Well, after that there couldn't be a more different movie for the late show than SKIN. Set in the Netherlands in 1979, it's the story of Frankie, a free-wheeling, fast living Jewish youth, who's best friend is a black kid with whom he listens to punk music mocking skinheads. But he's got some family problems. Specifically a father who routinely runs away because of Holocaust flashbacks (he thinks he's fleeing the concentration camp) and a mother slowly dying of cancer. As his mother wastes away, so does his fragile psyche. Eventually he shaves his long hair is sympathy as she's losing hers. This symbolically starts him down a path to becoming a skinhead, and eventually to prison for a horrible racist crime. We know his life won't end well, as it's told through a parallel narrative jumping back and forth between before and after he's in prison. The movie actually opens with him being put in prison. This skinny, shaved kid is stripped by the authorities and forced into the shower (there's even a gas-like hiss before the water comes out).
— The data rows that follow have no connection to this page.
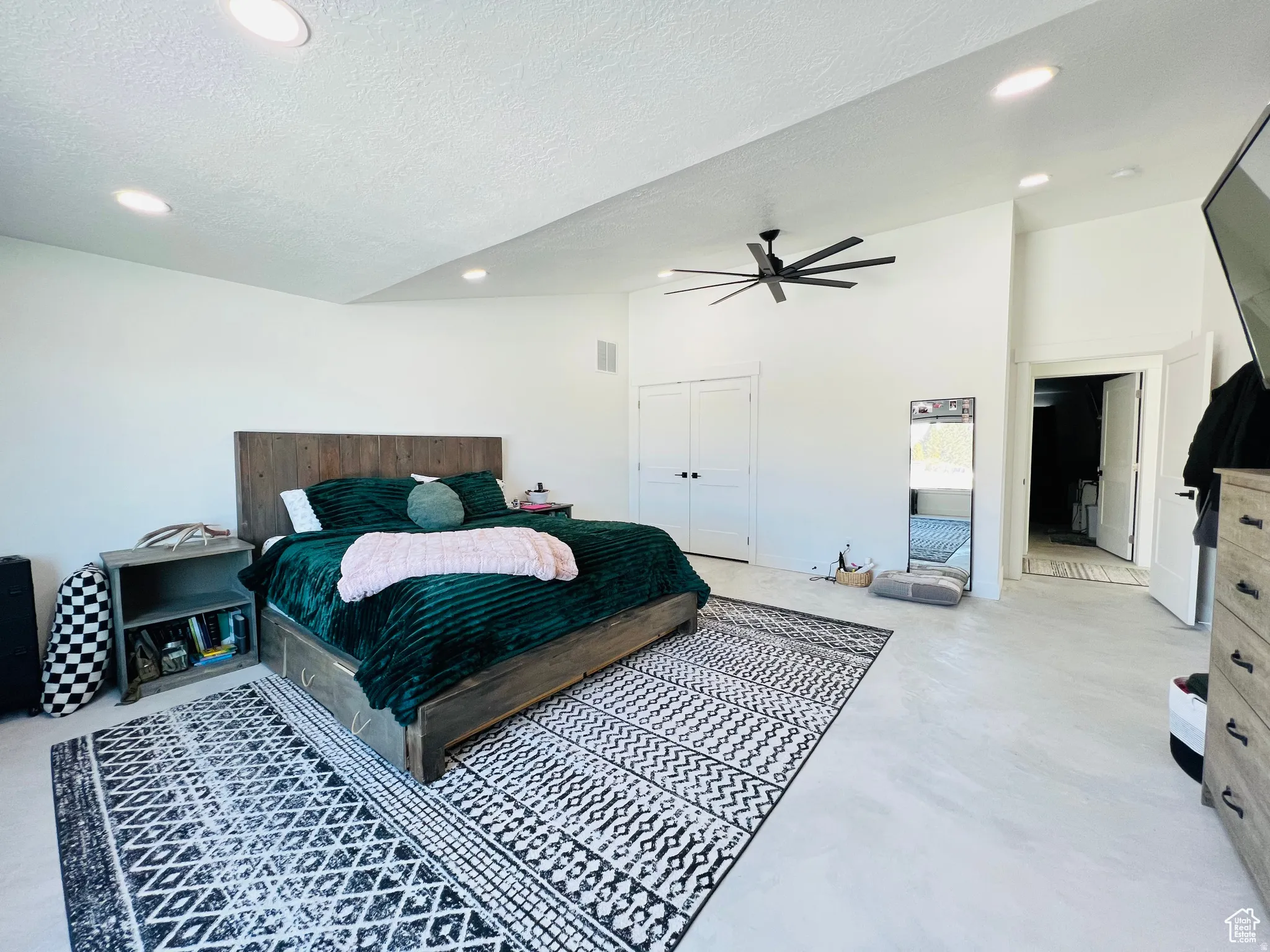 Bedroom with a ceiling fan, a closet, recessed lighting, a textured ceiling, and concrete flooring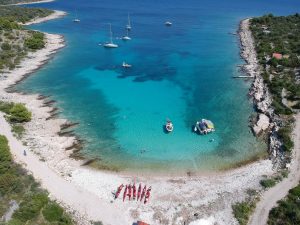 Kajaks am Strand in einer Bucht mit türkisblauem Wasser
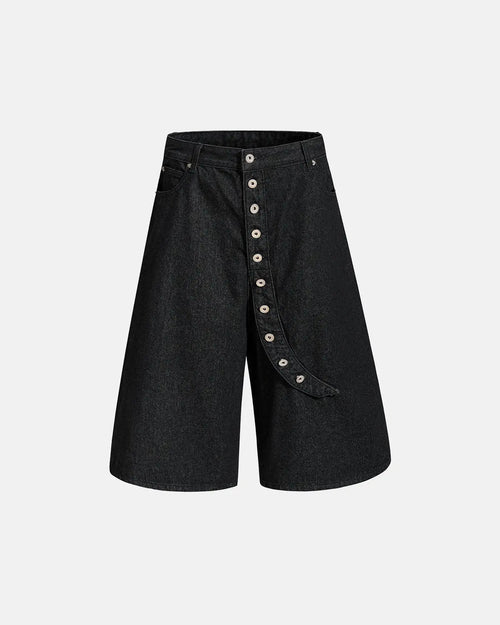 Asymmetric button raw denim jorts by Flation Streetwear, showing distressed raw denim fabric and unique button detailing.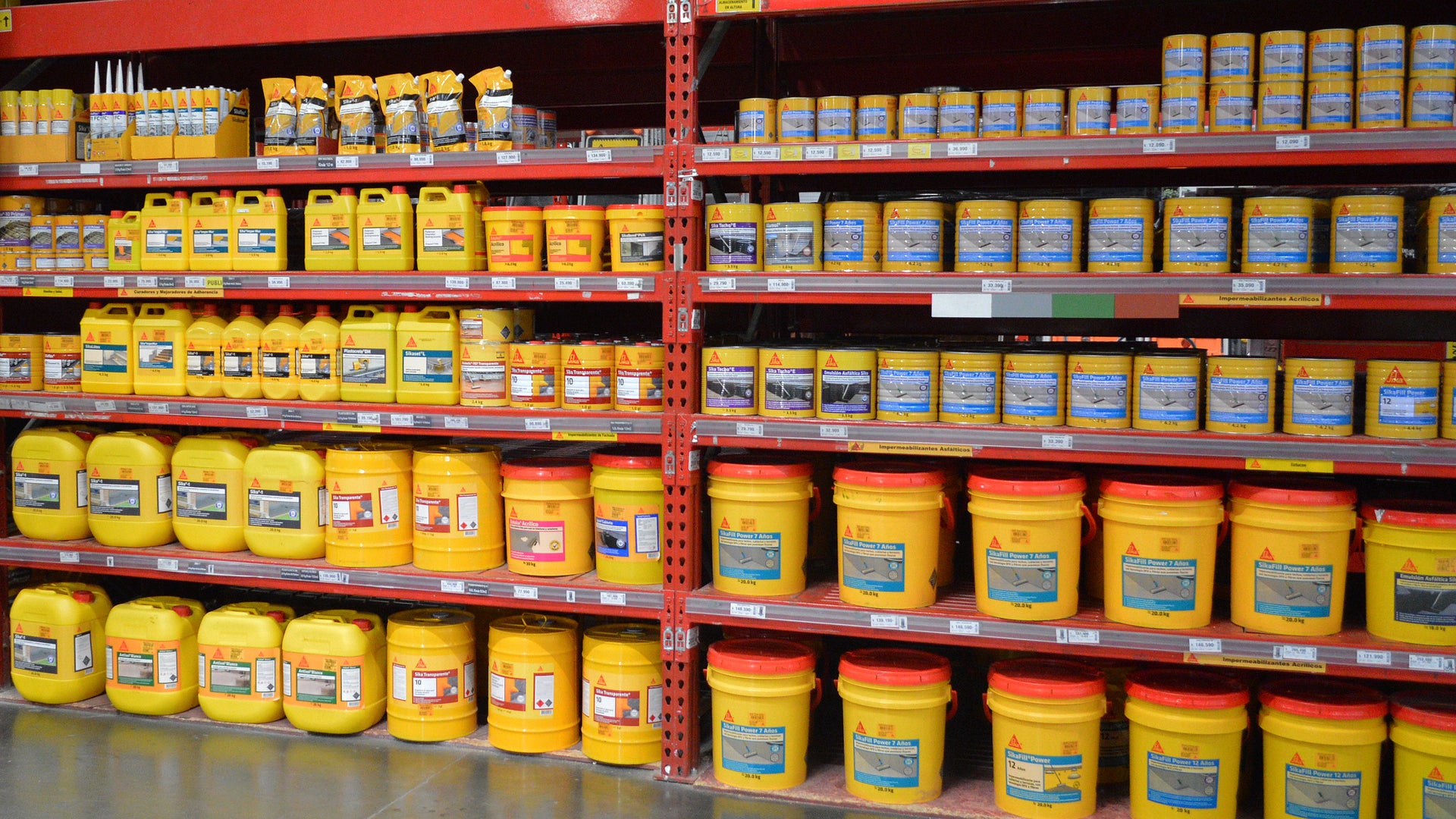 Yellow construction supply containers on store shelves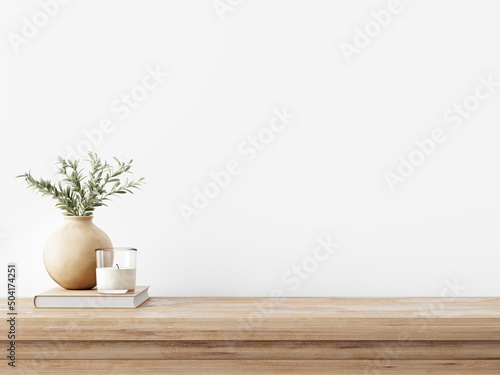 Canvas Traditional interior wall mockup with green twigs in vase and candle standing on light brown wooden table on empty white background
Were it not for a skull-and-swastika tattoo, that opening scene would have a very different meaning. As it is, it says all you can say about becoming the victim of your own hate.
You know, I started by saying the two films tonight were as different as can be, and they are. But there is a thread of similarity, which could be the theme of festival: self-hatred, and either conquering it or being destroyed by it.